Google Analytics ETL with python

2019-07-04
Python Pandas DE

Google Analytics is really useful but sometimes you want retrive all the data and perform your own analysis and create your reports. In this post you will see how to do that with python.

Open Table of Contents

1. Google permisions and keys
2. Test the conection
3. Building the ETL

1. Google permisions and keys

1.1. Get the Google key

The first thing to do is to download the Google key. To do so you only need to follow Google Analytics API steps.
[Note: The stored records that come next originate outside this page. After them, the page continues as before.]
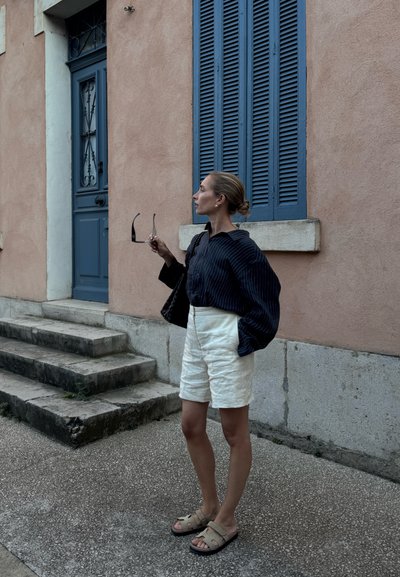 Blusa de rayas marinas oversized, pantalones cortos de lino blancos, sandalias beiges. Bolsa negra y gafas de sol sujetas con la mano. Pared texturizada rosa de fondo.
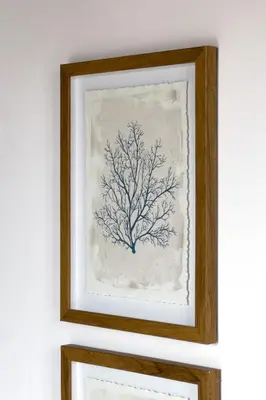 a framed painting of a tree on a wall at Bebarceloner Poble Nou Apartments - 1 bedroom in Barcelona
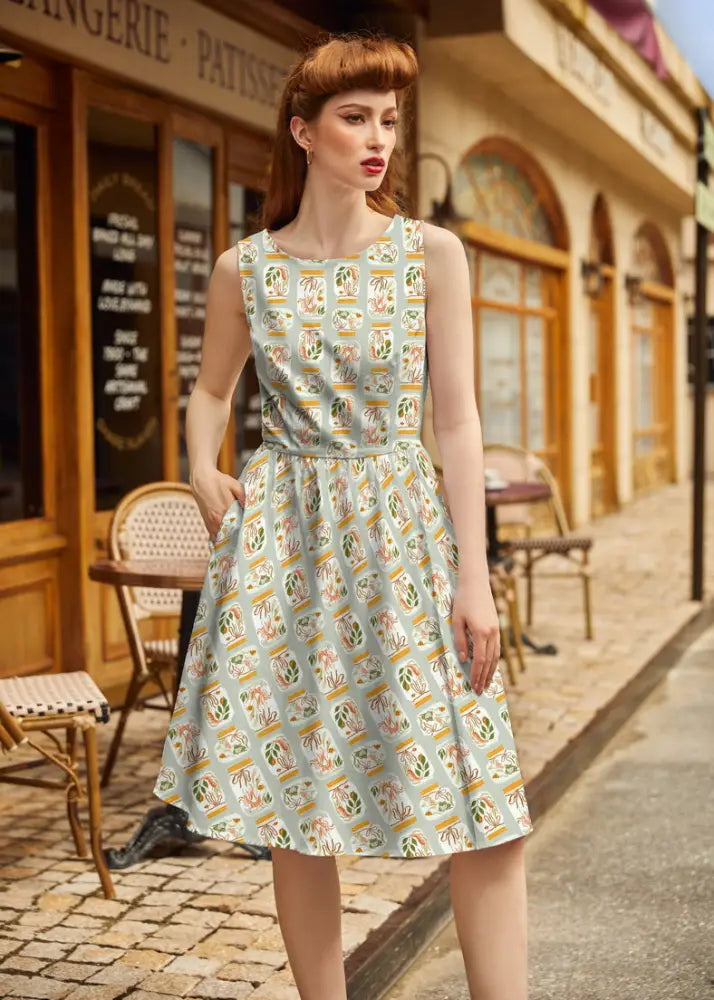 A light blue vintage 1950s cotton sleeveless dress with colorful jars print and pockets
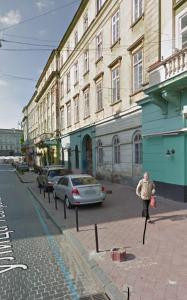 リヴィウにあるOnLviv Apartments Teatralna 23の建物のある街路を歩く男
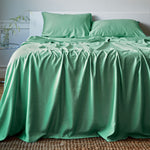 Green bamboo sheets and pillows on a bed in a room with a plant and table.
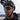 Person wearing a helmet and sunglasses with a blurred natural background. #color_white-with-spectron-3-lens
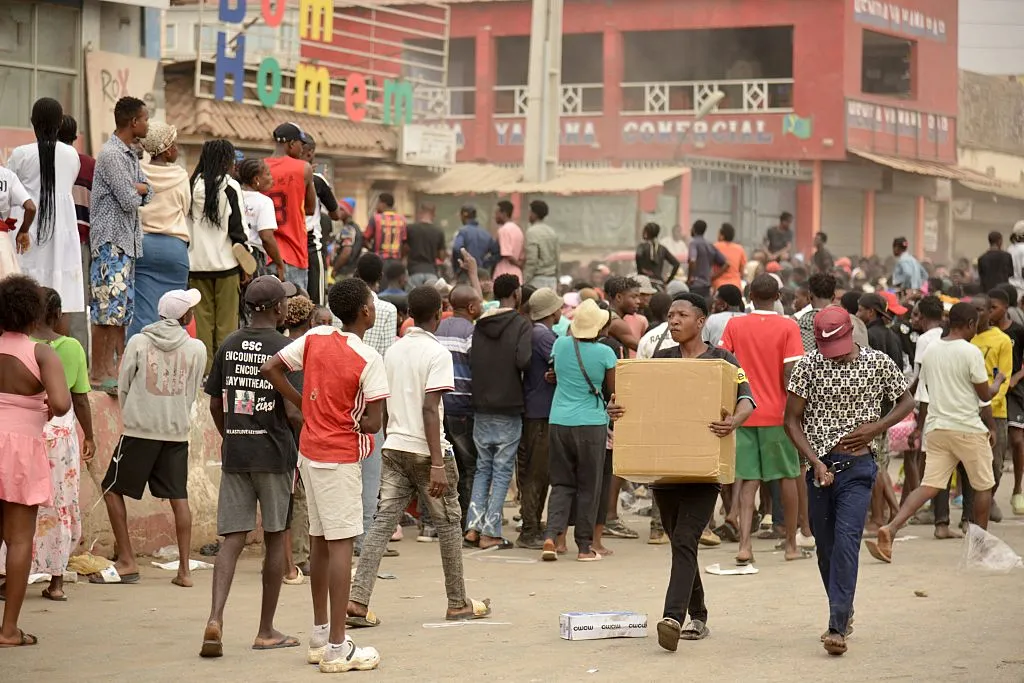 Residents carry items as looting erupts&nbsp;in the Kalemba 2 district of Luanda.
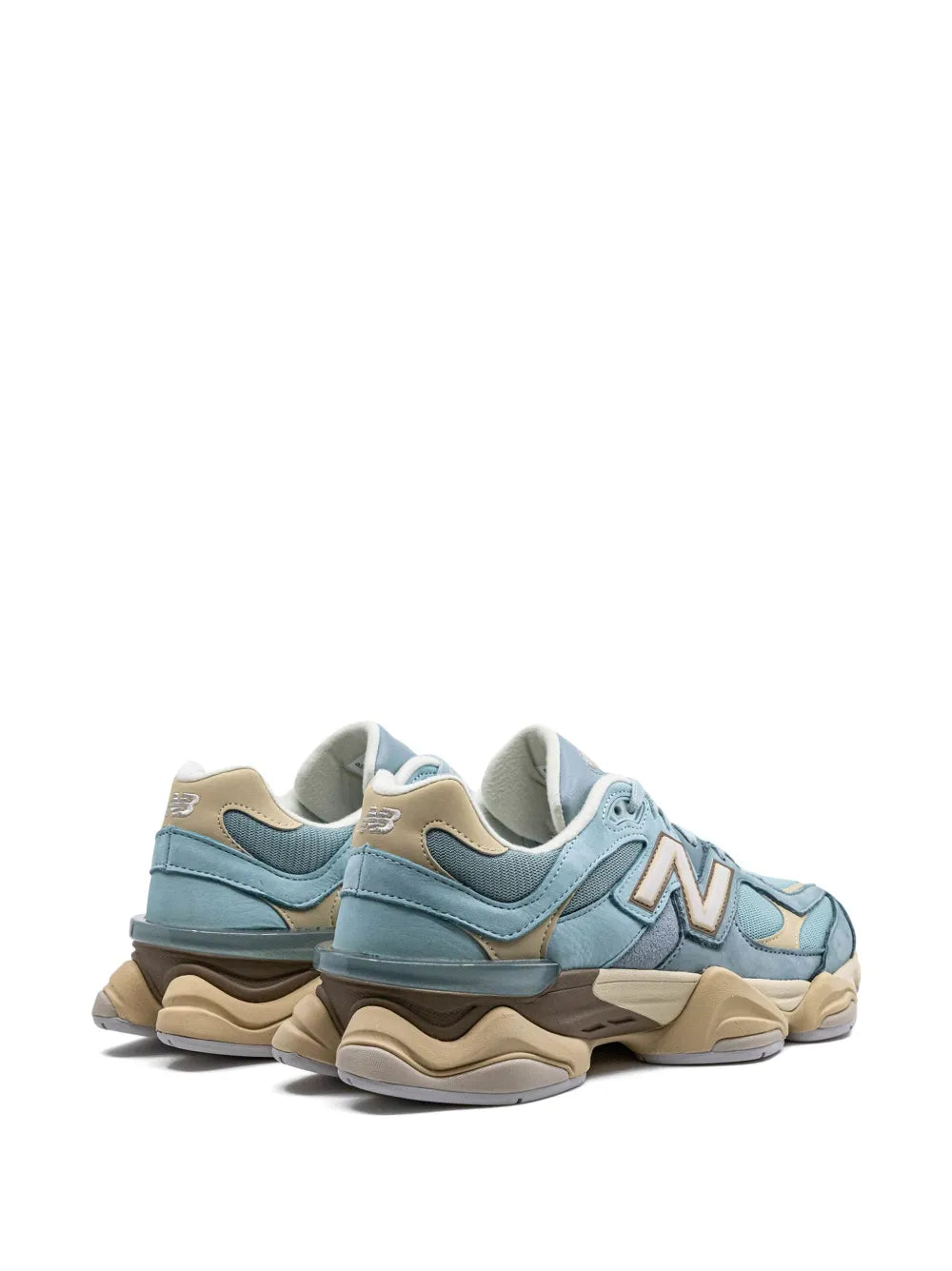 New Balance 9060 blue sneakers rear angled view with beige heel and chunky sole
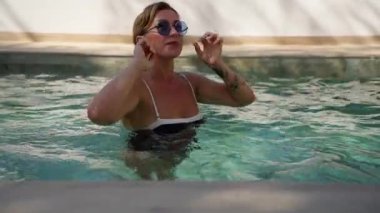 beautiful woman relaxing on a hot summer vacation at the resort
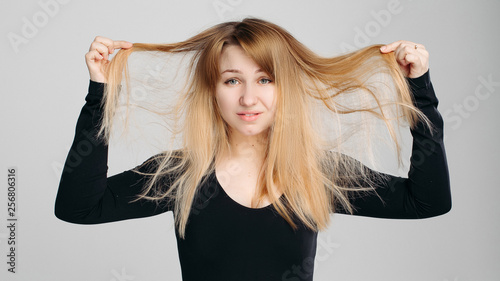 Pretty Blonde Haired Woman Wearing In Black Sweater Holding Messy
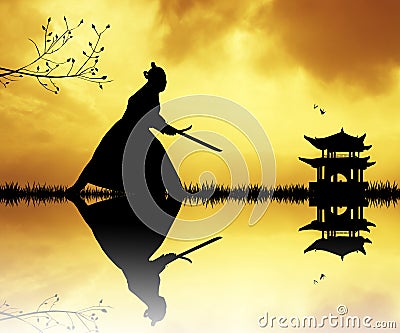Samurai with swords at sunset Stock Photo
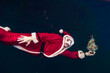 freediver dressed as Santa Claus swims underwater with a Christmas tree in his hand. Merry Christmas greetings from under the water. Underwater Santa. Santa is diving. Extreme sports and recovery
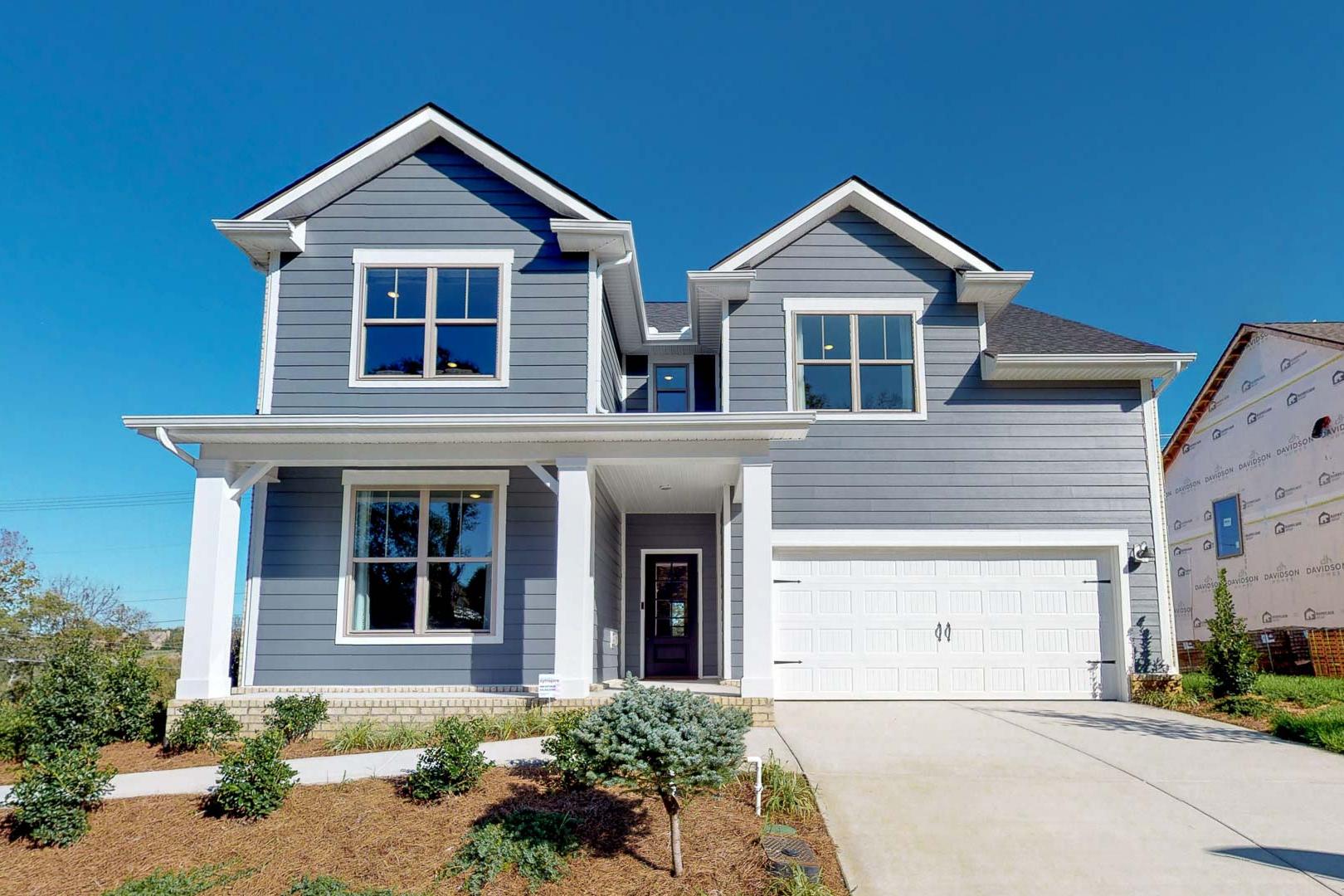 Contemporary gray two-story home exterior at Liberty Creek in Gallatin Tennessee with covered porch, columns, and landscaped yard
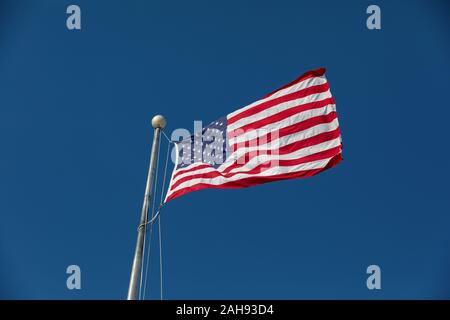 Looking up at large, new United States of America flag flying in the wind on a sunny day with deep blue sky in background Stock Photo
To sum them up you will need to:

Go to Google service accounts page.
Make sure to select the desired project from the navigation bar (at the top).
Start to create a new service account
Give it some roles (optional)
Create a json private key
Download that key. It will allow you to access google data

1.2. Enable Google Analytics API

You will need to enable the usage of the Google Analytics API with:

Go to API in Google Developers console.
Make sure to select the desired project from the navigation bar (at the top).
Click enable

1.3. Allow the user to see Google Analytics data

From the previous step you created and account with an email similar to your_project@your_web.iam.gserviceaccount.com (you obviously need to change your_web and your_project). Then give it read permisions with:

Go to Google Analytics web.
Select the Admin section from the left bar
Click Manage Users at account level. It is important that you give it at the account level in order to work.
Add the user with the email from the previous step
Give it read access.

It can take some time until the new user has reading permisions.

1.4. Profile ID

Get the ID that you will need to use with the API. There are three levels and the ID that you need to use is in the last one, the one with the red mark in the image.

Google Analytics Profile

2. Test the conection

You can run the test_conexion.py code to check that everything is working.

test_conexion.py

from datetime import date, timedelta

from apiclient.discovery import build
from oauth2client.service_account import ServiceAccountCredentials


# Those are the two constants you need to change
FILE_GA_KEY = "" path tho the key file
PROFILE = "" profile ID


def get_ga_service():
    """ Connect to GA API service"""

    credentials = ServiceAccountCredentials.from_json_keyfile_name(
        FILE_GA_KEY, scopes=["https://www.googleapis.com/auth/analytics.readonly"]
    )

    # Build the service object.
    return build("analytics", "v3", credentials=credentials)


def test():
    """ Tests the conexion """

    service = get_ga_service()

    # Feel free to change those values
    end = date.today()
    dimensions = ["ga:date", "ga:deviceCategory"]
    metrics = ["ga:users", "ga:sessions"]
    start = end - timedelta(7)

    # Query the API
    kwa = {
        "ids": "ga:{}".format(PROFILE),
        "start_date": "{:%Y-%m-%d}".format(start),
        "end_date": "{:%Y-%m-%d}".format(end),
        "metrics": ",".join(metrics),
        "dimensions": ",".join(dimensions),
        "max_results": 20,
    }

    return service.data().ga().get(**kwa).execute()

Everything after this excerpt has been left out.